We had a great time at the Mounted Weapons Demonstration and Barn Tour! Not only was it fun and entertaining, but I learned so much there.
How to Watch the Demonstration
The Mounted Weapons Demonstration takes place at the Fort Cavazos stables outside of the main gate. Which is off of the TJ Mills exit from the interstate.
It’s open to the public, so you don’t need a military ID or even a visitor’s pass to attend. We didn’t get there and find parking until a few minutes after 10:00 and the stands were full. So, I recommend getting there a little early to get a seat.
After the demonstration, you can pet the horses, talk with the soldiers, and go on a barn tour.
Mounted Troopers Have a Long History
In the 1830s, what would become the 1st Cavalry Division protected settlers from hostile Native Americans as they traveled out west. Then, the division was known as the US Regiment of Dragoons and they patrolled the vast area from Minnesota to Arkansas. The cavalry was a crucial part of the success of the Indian Wars, the Mexican-American War, the Civil War, and even parts of the First World War.
It was 80 years ago that the last of the 1st Cavalry Division’s mounted Troopers traded in their horses for jeeps, trucks, and tanks. In 1943, after giving up their horses, 1st Cav Troopers were invading Japan at the height of WWII.
While horses are no longer used on the battlefield, the spirit and traditions of the Mounted Warriors that came before them live on in the Horse Cavalry Detachment at Fort Cavazos.
They Use 3 Historical Weapons
During the demonstration, you watch riders on horseback move into intricate synchronized formations while they shoot balloons, chop watermelons, stab sandbags, and thread rings onto sabers. All of these skills are directly from the Drill and Tactics Manual from 1874.
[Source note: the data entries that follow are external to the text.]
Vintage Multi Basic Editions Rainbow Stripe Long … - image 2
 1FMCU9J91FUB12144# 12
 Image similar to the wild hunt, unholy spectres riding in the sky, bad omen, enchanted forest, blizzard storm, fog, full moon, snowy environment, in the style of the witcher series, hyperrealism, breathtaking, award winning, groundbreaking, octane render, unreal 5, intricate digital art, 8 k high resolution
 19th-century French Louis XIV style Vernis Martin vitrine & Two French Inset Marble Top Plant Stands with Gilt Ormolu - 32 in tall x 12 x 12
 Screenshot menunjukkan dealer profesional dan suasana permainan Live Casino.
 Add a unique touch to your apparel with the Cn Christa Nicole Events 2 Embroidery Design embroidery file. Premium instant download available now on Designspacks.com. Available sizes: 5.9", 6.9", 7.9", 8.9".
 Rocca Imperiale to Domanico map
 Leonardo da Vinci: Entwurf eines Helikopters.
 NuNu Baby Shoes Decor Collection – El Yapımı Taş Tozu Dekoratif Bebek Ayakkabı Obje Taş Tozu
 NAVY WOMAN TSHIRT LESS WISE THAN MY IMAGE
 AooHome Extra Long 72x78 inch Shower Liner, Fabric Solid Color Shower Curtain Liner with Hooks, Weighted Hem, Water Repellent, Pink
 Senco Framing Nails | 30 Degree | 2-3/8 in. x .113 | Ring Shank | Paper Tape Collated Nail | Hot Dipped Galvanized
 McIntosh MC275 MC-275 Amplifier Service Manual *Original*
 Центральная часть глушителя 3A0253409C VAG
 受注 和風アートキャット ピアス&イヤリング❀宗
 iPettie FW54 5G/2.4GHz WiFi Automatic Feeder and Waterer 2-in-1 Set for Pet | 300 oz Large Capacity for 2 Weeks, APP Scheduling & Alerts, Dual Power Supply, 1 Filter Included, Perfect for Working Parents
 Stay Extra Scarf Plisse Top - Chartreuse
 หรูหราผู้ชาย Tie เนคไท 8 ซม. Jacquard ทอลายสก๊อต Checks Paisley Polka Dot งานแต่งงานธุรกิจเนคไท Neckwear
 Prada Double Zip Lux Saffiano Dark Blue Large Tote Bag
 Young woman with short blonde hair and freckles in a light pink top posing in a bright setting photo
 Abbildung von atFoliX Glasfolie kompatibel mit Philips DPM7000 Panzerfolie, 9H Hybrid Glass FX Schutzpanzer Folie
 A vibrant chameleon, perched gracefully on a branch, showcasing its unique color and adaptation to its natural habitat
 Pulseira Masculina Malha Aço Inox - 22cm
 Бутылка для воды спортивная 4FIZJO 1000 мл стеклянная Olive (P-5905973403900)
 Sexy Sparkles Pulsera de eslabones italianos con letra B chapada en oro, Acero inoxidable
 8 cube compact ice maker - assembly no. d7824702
The weapons they used for these impressive feats are replicas of those used in the Indian Wars: an 1875 Model 45-70 Springfield ‘Trap Door’ Carbine, an 1875 Colt Revolver (known as the ‘Peacemaker’), and an 1860 Light Cavalry Saber.
There is also a Light Mountain Howitzer cannon that fired at the beginning of the demonstration.
Horse Cav Soldiers Don’t Wear Regular Camo Uniforms
The only soldiers ‘in uniform’ at the Mounted Weapons Demonstration and Barn Tour were the ones in the stands. The Horse Cav soldiers were wearing navy long-sleeved shirts, Wranglers, tall leather riding boots, and the standard black Cavalry hats.
Even the soldiers working in the shops and barn wore this non-traditional uniform. Except they sported regular work boots instead of riding boots.
The Soldiers Do Everything
One of the most surprising things I learned during the Barn Tour is that all of the leather items used by the Horse Cavalry Detachment are made by soldiers that work in the leather shop. They make saddles, boots, belts, and more!
The saddles were seriously impressive. They make and maintain all of the regular riding saddles, as well as the fancy saddles used in ceremonies.
In fact, our tour guide mentioned that it is cheaper to send someone from the unit to learn the saddle making trade and get certified than it would be to buy all of those saddles. Considering there are more than 30 horses in the detachment that each have their own saddle, it’s understandable.
Some of the soldiers assigned to the Horse Cavalry Detachment are also trained farriers. They make all of the horse shoes and take care of the horses’ hooves.
Mules Are Freaking Expensive
There is a separate group of Horse Cav soldiers that constitute the mule team. They take care of the 4 mules and the maintenance of the wagon that the mules pull.
And I had no idea until this Barn Tour, but a pair of working mules typically cost $20,0000-30,000!!
The pair that we saw came from an Amish community at a very steep discount, but still cost several thousand dollars. When I asked why they were so cheap, the tour guide said it was because they were lazy and difficult to work with.
I genuinely enjoyed seeing the Mounted Weapons Demonstration and Barn Tour at Fort Cavazos. The only thing that could have made it better would be cooler temps, as it was a 100-degree day.
My kids tolerated it, but I think they would have loved it when they were younger. They’re ‘too cool’ to get excited about petting horses these days.
I highly recommend a visit if you’re ever in the area!